• **EXERCISE BRIEF**: Only the lines below between the ones containing "FULLBOX KT SG" and "[ALPHA DRIVE ONE|ألفا", inclusive, are to be reproduced, each exactly as it stands.

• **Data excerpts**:
○ ○ ○ ○
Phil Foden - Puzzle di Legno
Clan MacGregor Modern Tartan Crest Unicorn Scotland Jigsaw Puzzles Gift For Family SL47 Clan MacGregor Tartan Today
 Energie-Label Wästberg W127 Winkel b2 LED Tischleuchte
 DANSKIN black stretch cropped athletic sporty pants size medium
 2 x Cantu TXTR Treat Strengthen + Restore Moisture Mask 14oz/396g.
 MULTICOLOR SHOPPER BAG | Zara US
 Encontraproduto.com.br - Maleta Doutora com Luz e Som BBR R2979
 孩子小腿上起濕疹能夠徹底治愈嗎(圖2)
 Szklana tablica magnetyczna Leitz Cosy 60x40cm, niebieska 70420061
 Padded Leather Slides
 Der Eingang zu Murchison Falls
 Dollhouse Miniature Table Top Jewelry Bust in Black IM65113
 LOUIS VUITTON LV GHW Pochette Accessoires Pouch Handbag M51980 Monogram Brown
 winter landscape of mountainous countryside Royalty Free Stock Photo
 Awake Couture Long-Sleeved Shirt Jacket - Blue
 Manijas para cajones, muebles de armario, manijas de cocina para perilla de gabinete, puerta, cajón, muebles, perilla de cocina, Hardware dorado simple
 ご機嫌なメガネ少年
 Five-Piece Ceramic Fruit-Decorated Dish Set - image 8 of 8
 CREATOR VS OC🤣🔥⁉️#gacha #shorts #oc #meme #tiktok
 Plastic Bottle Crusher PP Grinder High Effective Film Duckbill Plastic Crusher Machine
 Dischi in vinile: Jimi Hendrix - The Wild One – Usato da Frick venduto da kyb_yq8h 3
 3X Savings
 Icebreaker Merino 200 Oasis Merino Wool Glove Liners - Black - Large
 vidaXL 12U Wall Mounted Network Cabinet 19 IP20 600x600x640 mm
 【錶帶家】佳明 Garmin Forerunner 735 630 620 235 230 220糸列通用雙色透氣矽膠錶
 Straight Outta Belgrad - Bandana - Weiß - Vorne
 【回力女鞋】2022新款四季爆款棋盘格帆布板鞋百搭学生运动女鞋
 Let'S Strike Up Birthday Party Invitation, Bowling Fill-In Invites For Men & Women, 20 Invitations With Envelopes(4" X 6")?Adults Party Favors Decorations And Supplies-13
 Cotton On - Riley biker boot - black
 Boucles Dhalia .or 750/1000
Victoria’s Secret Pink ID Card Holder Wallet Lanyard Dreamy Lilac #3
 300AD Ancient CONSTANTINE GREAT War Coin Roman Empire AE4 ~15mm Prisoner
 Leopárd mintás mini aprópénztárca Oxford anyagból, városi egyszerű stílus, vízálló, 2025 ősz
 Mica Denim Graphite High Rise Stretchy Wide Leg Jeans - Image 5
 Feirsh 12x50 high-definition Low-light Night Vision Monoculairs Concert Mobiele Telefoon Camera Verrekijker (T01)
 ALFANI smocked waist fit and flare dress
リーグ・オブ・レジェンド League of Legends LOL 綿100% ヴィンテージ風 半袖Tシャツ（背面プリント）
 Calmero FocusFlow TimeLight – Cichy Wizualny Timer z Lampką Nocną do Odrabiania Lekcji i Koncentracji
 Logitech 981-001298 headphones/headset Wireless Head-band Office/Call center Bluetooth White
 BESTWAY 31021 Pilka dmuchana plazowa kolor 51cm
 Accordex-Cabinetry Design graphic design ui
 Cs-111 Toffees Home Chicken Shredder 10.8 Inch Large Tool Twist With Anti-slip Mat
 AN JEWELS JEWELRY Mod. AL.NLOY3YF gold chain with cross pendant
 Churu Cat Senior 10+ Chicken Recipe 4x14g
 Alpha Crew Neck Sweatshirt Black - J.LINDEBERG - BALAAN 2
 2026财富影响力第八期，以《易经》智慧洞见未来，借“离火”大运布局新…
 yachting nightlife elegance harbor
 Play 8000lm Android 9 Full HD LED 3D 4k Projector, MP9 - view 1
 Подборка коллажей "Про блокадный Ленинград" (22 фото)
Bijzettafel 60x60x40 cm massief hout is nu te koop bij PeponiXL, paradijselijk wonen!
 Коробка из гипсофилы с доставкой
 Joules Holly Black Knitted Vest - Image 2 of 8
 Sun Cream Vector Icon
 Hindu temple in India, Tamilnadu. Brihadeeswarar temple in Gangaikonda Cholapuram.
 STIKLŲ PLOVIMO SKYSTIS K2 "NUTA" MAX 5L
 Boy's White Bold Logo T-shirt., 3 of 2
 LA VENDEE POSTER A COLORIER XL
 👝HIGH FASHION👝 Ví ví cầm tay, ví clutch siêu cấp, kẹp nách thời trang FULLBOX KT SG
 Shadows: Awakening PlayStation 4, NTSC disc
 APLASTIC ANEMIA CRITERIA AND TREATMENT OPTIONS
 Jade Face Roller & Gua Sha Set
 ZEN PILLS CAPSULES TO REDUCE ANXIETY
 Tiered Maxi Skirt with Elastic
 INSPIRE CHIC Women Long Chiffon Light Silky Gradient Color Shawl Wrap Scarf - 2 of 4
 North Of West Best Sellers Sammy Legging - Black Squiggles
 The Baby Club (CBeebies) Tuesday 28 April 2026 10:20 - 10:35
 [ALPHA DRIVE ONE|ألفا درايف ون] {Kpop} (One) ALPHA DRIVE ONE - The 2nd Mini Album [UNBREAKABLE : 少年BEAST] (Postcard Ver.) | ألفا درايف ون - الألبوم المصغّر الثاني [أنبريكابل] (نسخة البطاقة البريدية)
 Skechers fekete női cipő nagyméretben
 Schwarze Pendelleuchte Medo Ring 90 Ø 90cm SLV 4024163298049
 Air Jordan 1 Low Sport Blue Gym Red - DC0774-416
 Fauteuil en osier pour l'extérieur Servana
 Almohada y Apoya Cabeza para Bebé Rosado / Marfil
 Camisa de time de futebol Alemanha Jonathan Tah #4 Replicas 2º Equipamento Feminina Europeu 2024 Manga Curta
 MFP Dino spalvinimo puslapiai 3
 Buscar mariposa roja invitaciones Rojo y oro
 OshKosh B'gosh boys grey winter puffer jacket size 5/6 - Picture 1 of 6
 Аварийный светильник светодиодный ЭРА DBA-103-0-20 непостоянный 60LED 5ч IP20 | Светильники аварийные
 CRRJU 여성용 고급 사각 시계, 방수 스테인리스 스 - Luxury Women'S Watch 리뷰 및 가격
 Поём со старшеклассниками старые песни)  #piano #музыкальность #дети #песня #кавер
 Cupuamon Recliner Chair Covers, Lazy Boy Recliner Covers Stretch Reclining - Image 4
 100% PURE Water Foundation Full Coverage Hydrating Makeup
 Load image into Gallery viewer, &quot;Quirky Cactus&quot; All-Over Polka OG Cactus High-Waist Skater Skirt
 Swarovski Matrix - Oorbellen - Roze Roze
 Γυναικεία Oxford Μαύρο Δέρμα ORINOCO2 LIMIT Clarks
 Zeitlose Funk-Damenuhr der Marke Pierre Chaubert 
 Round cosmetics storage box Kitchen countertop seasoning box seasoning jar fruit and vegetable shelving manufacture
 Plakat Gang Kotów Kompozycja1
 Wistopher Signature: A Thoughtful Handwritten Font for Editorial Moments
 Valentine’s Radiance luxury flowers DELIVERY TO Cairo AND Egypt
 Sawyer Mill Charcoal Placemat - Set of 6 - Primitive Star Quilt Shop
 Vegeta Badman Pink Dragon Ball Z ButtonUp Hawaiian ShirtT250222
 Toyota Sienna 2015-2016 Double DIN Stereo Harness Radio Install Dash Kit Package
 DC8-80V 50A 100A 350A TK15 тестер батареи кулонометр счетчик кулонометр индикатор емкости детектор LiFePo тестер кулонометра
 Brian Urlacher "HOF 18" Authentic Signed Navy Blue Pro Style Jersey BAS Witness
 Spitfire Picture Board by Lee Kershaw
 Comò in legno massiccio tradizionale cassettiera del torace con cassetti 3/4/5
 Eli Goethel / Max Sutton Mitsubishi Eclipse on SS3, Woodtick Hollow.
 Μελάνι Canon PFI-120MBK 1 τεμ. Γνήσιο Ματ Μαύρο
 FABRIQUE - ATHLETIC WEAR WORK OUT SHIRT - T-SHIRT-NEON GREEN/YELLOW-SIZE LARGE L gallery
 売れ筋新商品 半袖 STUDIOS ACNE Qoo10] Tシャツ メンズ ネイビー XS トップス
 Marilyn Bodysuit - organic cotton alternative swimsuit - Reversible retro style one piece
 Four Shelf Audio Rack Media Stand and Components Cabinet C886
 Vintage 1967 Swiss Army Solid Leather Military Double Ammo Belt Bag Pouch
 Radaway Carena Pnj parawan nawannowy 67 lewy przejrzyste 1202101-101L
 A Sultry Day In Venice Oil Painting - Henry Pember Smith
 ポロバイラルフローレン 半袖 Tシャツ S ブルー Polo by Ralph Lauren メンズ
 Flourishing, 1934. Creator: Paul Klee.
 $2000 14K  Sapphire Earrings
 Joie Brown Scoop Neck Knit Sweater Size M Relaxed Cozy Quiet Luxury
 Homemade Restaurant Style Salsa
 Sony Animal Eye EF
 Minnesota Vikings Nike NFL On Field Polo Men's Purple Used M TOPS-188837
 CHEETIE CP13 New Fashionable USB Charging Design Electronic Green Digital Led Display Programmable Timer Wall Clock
○ ○ ○ ○
• **TASK RESPONSE**:
 👝HIGH FASHION👝 Ví ví cầm tay, ví clutch siêu cấp, kẹp nách thời trang FULLBOX KT SG
 Shadows: Awakening PlayStation 4, NTSC disc
 APLASTIC ANEMIA CRITERIA AND TREATMENT OPTIONS
 Jade Face Roller & Gua Sha Set
 ZEN PILLS CAPSULES TO REDUCE ANXIETY
 Tiered Maxi Skirt with Elastic
 INSPIRE CHIC Women Long Chiffon Light Silky Gradient Color Shawl Wrap Scarf - 2 of 4
 North Of West Best Sellers Sammy Legging - Black Squiggles
 The Baby Club (CBeebies) Tuesday 28 April 2026 10:20 - 10:35
 [ALPHA DRIVE ONE|ألفا درايف ون] {Kpop} (One) ALPHA DRIVE ONE - The 2nd Mini Album [UNBREAKABLE : 少年BEAST] (Postcard Ver.) | ألفا درايف ون - الألبوم المصغّر الثاني [أنبريكابل] (نسخة البطاقة البريدية)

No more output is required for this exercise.